Zwar sind Newtons Herz, Geschlecht und Leber nur verborgen anwesend, übrigens
genau im Zentrum des Bildes, so dass kein Adler tags seine Leber zerhacken und
kein Zeus nachts sie herauswachsen lassen kann. Aber es hat den Anschein, als
hätte er, in all seiner nackten Unschuld, den Göttern das Feuer gestohlen und
als wäre er zur Strafe für seinen Aufruhrgeist an den Felsen gefesselt, nicht
auf die Berge des Herzens, sondern auf die Gehirns gesetzt, sozusagen in seinen
eigenen Schädel. Ein Bild von einer menschlich großartigen Ohnmacht, wo Newtons
Zirkel mit seiner übermäßigen Spannweite, zu dem Adler verwandelt ist, mit dem
er sich selbst martert.
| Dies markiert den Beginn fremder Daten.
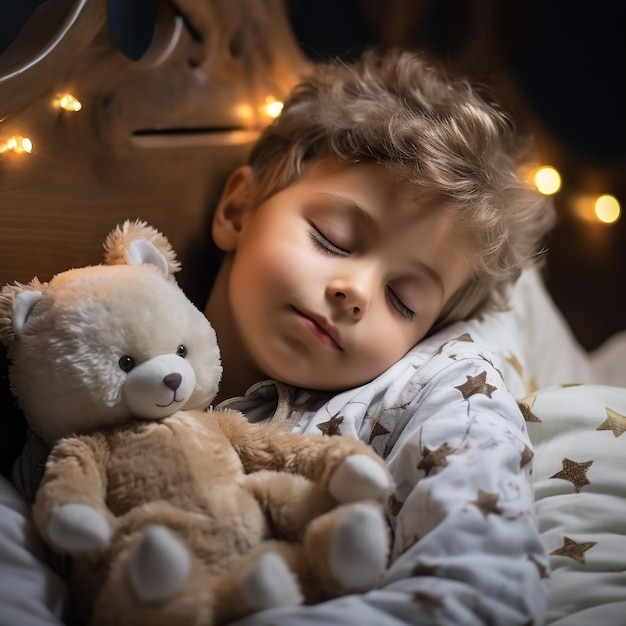 Una niña adorable durmiendo con un juguete en su cama.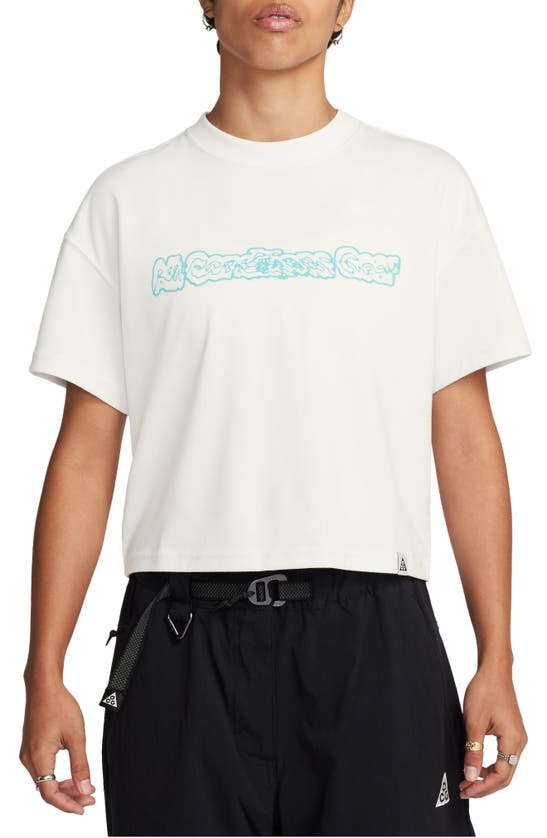 Shop Nike Dri-fit Adv Oversize Graphic T-shirt In Summit White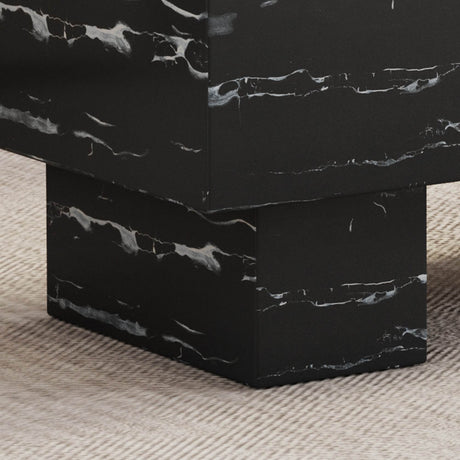 Modern Black Patterned MDF Rectangular Coffee Table - Omega Lifestyles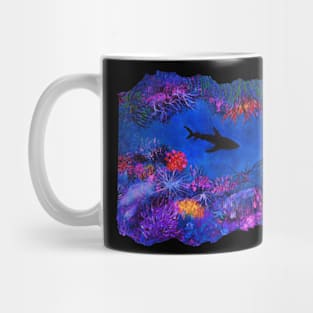 Shark in Coral Garden (rectangle) Mug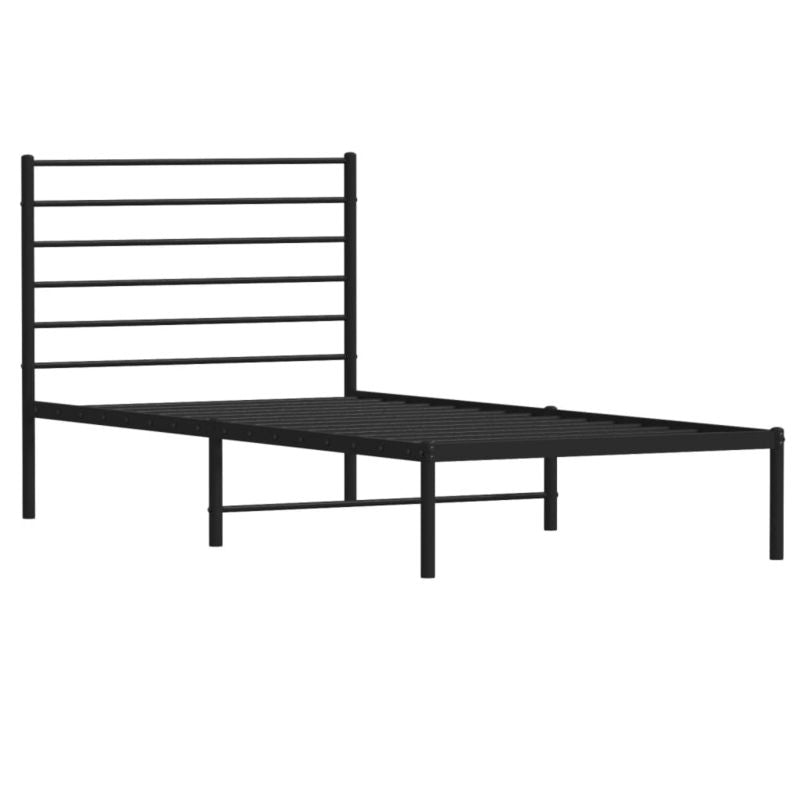 Sengebund af metal Sort med sengegavl 196x80x90 cm
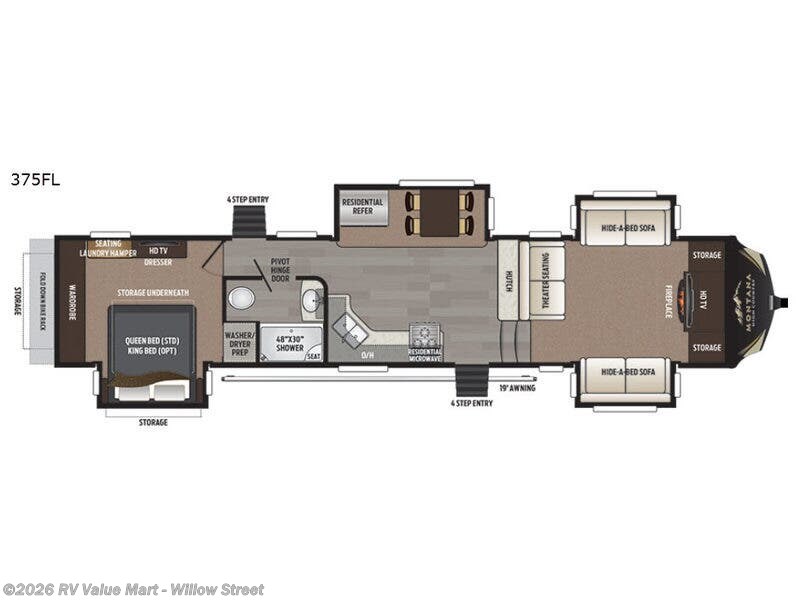 2017 Keystone Montana High Country 375FL - Used Fifth Wheel For Sale by RV Value Mart - Willow Street in Willow Street, Pennsylvania features Slideout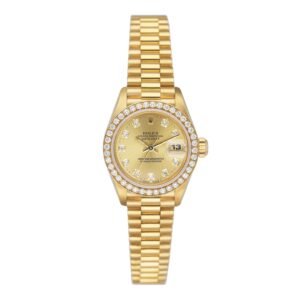 Rolex Datejust 69178 Diamond Dial 18k ouro amarelo Relógio Feminino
Tag für Tag derselbe rührende Versuch, die Wahrheit aus
dem Leib zu quälen und den Verstand dazu zu bewegen, Gottes Aufenthaltsort zu
verraten.
Aus Inger Christensen: Der Schatten der Wahrheit in Der Geheimniszutand und Gedicht vom Tod, Essays von Inger Christensen (Hanser Edition Akzente, aus dem Dänischen von Hanns Grössel, 1999)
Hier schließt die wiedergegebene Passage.